Mais ce n’est pas seulement un coup dur économique, comme l’a souligné le Ministre des Affaires Étrangère Jean Yves Le Drian : « Ce qui est en cause, au-delà de la rupture d’un contrat industriel (…) c’est la rupture de confiance ». Paris s’est effectivement sentie « trahie »lorsqu’elle a appris la rupture du contrat, d’autant plus que Canberra n’aurait pas prévenu de ses intentions. 

La Ministre des Armées Florence Parly déclarait ainsi : « nous n’avons jamais été mis au courant des intentions australiennes.

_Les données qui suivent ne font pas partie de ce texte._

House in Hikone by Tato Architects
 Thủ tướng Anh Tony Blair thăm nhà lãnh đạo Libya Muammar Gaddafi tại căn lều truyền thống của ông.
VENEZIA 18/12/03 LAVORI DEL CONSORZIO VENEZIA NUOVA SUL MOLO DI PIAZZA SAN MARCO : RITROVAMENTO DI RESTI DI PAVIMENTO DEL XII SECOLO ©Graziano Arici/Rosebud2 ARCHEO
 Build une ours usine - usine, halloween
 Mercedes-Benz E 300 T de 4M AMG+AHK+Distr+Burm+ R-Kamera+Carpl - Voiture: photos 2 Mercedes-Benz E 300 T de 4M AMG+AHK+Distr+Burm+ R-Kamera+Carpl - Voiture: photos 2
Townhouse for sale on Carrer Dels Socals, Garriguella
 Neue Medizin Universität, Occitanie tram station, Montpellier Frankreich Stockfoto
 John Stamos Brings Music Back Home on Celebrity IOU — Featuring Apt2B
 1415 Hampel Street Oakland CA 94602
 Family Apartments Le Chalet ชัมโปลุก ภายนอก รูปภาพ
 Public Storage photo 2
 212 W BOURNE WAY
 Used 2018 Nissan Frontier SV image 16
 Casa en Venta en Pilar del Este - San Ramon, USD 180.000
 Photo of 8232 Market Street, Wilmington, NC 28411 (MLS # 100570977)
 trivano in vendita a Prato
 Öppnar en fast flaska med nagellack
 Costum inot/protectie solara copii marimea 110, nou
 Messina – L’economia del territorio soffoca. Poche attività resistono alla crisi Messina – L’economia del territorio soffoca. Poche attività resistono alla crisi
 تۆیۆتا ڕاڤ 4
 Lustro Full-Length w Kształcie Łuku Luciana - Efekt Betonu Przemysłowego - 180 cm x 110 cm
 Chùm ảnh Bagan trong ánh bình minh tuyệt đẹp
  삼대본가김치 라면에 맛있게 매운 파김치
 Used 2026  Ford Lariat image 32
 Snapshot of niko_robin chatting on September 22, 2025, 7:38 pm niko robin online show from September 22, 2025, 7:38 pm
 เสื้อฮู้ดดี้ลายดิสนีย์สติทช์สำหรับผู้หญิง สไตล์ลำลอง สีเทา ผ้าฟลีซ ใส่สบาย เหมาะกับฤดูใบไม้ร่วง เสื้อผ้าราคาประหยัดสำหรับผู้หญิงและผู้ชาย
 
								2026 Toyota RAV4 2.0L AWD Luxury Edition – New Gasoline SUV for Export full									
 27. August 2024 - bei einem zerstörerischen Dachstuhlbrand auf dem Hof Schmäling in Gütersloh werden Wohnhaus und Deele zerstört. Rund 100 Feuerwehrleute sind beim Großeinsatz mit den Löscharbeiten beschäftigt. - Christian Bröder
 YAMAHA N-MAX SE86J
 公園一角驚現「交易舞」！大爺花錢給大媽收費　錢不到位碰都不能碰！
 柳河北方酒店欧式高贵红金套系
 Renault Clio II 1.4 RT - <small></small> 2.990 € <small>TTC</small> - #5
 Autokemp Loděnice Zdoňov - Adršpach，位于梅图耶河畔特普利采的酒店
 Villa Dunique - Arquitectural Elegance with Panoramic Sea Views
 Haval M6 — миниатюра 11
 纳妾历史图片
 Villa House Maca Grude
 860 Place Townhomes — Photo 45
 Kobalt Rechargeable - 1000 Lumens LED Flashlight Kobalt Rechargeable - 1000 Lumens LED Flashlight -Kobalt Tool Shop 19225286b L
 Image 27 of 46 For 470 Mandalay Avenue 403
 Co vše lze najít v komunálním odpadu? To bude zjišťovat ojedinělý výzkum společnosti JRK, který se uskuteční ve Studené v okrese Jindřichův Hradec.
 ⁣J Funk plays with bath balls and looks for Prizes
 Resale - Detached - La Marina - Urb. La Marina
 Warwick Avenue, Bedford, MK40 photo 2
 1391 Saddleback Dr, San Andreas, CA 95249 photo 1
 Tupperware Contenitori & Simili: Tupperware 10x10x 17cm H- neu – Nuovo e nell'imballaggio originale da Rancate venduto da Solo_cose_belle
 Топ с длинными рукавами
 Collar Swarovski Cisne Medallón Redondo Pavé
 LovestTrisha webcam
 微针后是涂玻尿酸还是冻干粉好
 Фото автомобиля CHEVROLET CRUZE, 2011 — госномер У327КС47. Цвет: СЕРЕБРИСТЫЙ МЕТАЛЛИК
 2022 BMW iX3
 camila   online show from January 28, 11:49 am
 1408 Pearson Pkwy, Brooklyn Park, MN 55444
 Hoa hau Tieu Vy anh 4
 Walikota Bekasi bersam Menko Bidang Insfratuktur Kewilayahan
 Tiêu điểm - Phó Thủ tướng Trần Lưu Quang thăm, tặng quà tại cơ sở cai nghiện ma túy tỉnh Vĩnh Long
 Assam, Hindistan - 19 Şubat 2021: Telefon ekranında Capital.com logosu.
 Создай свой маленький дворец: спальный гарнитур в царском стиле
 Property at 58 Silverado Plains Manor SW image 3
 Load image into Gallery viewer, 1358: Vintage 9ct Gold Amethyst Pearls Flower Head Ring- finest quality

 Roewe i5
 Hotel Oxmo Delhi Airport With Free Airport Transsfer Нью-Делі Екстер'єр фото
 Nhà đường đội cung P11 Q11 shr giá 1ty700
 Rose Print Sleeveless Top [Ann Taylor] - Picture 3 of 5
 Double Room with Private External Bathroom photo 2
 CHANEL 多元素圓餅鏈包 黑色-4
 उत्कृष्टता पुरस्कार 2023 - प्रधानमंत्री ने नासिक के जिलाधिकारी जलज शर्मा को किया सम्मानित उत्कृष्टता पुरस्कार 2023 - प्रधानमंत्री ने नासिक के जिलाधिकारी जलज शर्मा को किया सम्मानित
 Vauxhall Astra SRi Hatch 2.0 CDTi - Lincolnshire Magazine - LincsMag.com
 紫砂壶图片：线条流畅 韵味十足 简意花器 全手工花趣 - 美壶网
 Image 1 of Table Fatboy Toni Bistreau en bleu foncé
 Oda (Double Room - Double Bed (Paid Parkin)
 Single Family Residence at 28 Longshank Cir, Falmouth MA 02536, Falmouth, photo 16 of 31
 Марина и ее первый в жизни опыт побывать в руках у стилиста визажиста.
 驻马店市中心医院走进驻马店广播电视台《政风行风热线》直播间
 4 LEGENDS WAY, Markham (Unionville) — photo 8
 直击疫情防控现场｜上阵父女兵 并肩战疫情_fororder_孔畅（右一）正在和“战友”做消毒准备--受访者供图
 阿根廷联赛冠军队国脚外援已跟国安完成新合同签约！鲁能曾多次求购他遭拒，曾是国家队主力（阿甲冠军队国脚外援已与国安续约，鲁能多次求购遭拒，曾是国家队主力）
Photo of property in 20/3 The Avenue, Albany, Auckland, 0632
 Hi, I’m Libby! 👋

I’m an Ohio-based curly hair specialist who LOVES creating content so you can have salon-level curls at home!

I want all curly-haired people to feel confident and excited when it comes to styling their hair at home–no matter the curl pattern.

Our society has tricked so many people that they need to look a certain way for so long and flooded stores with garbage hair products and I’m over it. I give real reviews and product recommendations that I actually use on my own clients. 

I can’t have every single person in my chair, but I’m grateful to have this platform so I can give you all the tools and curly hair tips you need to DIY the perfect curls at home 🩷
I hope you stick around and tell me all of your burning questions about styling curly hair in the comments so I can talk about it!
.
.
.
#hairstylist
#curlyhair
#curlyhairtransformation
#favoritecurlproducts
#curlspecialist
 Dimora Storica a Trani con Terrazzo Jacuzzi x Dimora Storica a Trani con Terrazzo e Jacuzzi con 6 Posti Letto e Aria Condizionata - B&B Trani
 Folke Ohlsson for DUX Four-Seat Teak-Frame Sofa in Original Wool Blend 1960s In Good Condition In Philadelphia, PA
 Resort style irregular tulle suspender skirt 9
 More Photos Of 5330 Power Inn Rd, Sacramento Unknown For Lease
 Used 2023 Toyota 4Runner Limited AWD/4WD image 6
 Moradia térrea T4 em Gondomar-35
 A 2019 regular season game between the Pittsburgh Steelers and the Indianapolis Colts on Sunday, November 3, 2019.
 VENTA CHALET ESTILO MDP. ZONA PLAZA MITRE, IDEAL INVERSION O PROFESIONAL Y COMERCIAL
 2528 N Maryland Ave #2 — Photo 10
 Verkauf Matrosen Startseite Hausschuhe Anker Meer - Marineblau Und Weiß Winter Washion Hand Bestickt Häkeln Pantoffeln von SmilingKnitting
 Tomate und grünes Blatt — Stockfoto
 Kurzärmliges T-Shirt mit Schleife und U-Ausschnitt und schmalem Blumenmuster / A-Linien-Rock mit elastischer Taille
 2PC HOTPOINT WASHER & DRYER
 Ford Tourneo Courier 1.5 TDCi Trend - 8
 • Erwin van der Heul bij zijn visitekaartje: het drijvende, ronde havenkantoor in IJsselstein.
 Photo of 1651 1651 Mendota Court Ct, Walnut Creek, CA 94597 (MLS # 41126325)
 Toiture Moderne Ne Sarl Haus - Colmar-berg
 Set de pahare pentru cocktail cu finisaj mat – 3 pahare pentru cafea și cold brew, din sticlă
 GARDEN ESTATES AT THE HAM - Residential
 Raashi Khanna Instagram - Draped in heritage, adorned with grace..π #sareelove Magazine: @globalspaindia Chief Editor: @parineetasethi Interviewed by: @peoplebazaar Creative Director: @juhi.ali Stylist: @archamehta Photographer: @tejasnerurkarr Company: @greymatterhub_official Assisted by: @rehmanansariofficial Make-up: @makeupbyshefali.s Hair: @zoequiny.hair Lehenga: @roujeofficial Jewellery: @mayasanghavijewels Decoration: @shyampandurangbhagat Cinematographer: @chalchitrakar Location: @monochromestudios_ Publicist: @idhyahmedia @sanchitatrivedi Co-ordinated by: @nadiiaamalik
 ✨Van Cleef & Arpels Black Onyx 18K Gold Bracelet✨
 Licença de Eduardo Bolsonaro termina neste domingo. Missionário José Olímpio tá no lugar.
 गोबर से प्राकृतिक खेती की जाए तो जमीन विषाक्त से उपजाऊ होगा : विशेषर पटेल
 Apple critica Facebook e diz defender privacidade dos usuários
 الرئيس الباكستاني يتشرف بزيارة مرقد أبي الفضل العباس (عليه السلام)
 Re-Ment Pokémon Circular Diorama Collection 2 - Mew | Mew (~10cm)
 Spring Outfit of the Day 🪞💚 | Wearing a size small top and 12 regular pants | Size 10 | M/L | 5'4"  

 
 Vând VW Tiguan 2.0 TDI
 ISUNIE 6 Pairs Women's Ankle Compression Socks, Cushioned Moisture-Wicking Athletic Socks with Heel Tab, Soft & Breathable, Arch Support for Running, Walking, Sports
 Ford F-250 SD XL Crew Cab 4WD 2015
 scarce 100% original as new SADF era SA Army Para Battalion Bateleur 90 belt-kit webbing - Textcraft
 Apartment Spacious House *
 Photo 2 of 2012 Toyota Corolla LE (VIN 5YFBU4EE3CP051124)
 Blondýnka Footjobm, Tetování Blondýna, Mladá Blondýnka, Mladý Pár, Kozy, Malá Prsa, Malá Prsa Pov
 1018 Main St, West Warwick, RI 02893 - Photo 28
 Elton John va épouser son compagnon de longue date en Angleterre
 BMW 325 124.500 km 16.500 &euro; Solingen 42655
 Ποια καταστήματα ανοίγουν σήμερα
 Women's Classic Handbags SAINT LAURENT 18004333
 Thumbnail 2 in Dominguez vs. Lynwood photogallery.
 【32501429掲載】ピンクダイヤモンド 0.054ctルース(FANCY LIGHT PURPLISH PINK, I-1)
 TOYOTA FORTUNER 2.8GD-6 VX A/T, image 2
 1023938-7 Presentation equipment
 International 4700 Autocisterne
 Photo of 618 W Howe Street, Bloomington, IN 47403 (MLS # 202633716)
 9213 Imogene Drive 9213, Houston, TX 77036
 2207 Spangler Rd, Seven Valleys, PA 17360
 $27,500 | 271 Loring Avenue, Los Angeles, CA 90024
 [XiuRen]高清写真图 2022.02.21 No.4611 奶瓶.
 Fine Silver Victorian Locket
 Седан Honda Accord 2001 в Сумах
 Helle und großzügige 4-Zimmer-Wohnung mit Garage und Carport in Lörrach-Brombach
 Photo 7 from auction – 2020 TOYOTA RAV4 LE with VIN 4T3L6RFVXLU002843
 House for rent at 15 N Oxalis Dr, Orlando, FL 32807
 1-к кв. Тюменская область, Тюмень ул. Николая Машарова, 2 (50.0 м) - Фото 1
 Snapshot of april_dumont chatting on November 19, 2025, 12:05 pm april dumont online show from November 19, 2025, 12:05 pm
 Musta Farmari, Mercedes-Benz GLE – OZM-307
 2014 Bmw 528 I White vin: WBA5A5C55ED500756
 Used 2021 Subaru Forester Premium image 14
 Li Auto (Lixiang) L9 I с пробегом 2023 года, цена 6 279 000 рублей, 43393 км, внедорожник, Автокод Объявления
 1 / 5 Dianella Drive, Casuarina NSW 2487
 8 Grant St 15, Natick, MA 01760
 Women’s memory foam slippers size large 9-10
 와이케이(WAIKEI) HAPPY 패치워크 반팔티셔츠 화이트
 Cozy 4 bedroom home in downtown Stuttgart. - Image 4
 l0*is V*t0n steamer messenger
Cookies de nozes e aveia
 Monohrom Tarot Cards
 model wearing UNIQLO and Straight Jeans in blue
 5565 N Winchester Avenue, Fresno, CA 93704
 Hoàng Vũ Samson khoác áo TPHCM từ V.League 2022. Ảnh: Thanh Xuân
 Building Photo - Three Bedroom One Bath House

À aucun moment, d’aucune manière, la France n’a reçu de signal clair ». Déclarations que Scott Morrisson, Premier Ministre australien, a démenti en assurant avoir toujours émis de « profondes et graves réserves quant au fait que les capacités du sous-marin de classe Attack ne répondaient pas à nos intérêts stratégiques »

Le coup est d’autant plus dur que l’Australie a annoncé rejoindre un nouveau pacte stratégique avec les États-Unis, préférant les sous-marins américains à propulsion nucléaire. Ce nouveau partenariat nommé Aukusvise à assurer la sécurité dans la zone Indopacifique et a été établi sans que la France n’ait été informée, pourtant très impliquée dans la région. L’aire indopacifique constitue aujourd’hui une priorité stratégique pour les puissances occidentales, qui tentent de contrebalancer l’influence chinoise dans la région. 

Le pacte Aukus a vivement été critiqué par la Chine qui a qualifié ce partenariat « d’extrêmement irresponsable ».Le porte-parole de la diplomatie chinoise, Zhao Lijian, déclarait : « La coopération entre les États-Unis, le Royaume-Unis et l’Australie en matière de sous-marins nucléaires sape gravement la paix et la stabilité régionale, intensifie la course aux armements et compromet les efforts internationaux de non-prolifération nucléaire ». 

La réaction diplomatique française face à ce retournement de situation est lourde de sens. 48 heures après la résiliation australienne, la France a rappelé ses ambassadeurs de Washington et Canberra et a annulé une soirée gala à New York qui devait célébrer l’entente entre la France et les États-Unis. Jamais cette étape diplomatique n’avait été franchie entre la France et les États-Unis, même lors des tensions à propos de l’Irak en 2003. 

Canberra a tout de même montré un geste d’apaisement en expliquant sa décision par un « changement de besoin »et non un « changement d’avis ». 

Finalement, cette crise diplomatique révèle la rude concurrence industrielle à l’œuvre aujourd’hui. Bien qu’alliées, les puissances occidentales restent concurrentes sur le marché de l’armement, et l’Union Européenne est à la traine. Effectivement, ce choix australien de se tourner vers des engins américains plutôt qu’européens n’est pas inédit. La Suisse avait opté en juin 2021 pour les F-35 américain plutôt que pour les Rafales français, ce qui avait aussi tourmenté ses relations avec la France. 

Si l’Hexagone peut se vanter d’avoir toujours su afficher son désaccord avec le géant américain, pour combien de temps est-il réaliste de s’opposer à Washington ? Car si la France a pu compter sur ses voisins européens pour parler d’une même voix, force est de constater que l’Union Européenne n’est absolument pas indépendante sur le plan de la défense.

Josep Borrell, chef de la diplomatie européenne, a d’ailleurs rappelé que la dispute entre la France d’un côté et l’Australie et les USA de l’autre n’était pas un sujet bilatéral mais « qu’elle affectait toute l’UE par ses implications stratégiques ». Finalement, cette crise diplomatique est non seulement l’occasion de se questionner sur les relations entre Bruxelles et Washington, mais elle révèle surtout à bien des égards la vision américaine qui confond « alliés » et « alignés ».

Le Président Emmanuel Macron s’entretiendra avec le Président Joe Biden lors d’un échange téléphonique afin de « clarifier à la fois les conditions dans lesquelles cette annonce a été décidée et clarifier les conditions d’un réengagement américain dans une relation d’alliés ». Parallèlement, des discussions sont en cours entre l’industriel français Naval Group et les autorités australiennes au sujet d’éventuels dédommagements.